🤖 AI Summary
This work addresses the lack of robustness evaluation against realistic syntactic variations in current large language models (LLMs) for automated program repair. To this end, the study systematically introduces eight semantics-preserving code transformations and constructs HEJ-Robust, a benchmark comprising 1,450 variants derived from HumanEval-Java-Bug. Evaluation on this benchmark reveals a significant performance degradation in state-of-the-art fine-tuned LLMs when confronted with minor syntactic perturbations: the average repair success rate across five prominent models drops by more than 50%. These findings underscore a critical deficiency in model robustness and establish HEJ-Robust as an essential foundation for evaluating and advancing future program repair approaches.
📝 Abstract
Recent Large Language Models (LLMs) have shown strong performance on automated program repair across standard benchmarks.
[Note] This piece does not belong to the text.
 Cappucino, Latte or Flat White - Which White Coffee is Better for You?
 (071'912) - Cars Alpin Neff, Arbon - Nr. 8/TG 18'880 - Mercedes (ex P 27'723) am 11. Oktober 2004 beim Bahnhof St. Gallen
However, these benchmarks evaluate models on a single canonical form of buggy code and do not reflect the syntactic variations commonly observed in real-world software, leaving robustness largely unexamined. In this work, we construct HEJ-Robust, a robustness benchmark built from HumanEval-Java-Bug using eight semantics-preserving code transformations, resulting in 1,450 transformed instances. We evaluate five fine-tuned LLMs on this benchmark and show that model performance drops by over 50% under several transformations, indicating that current LLM-based repair models lack robustness to minor syntactic variations.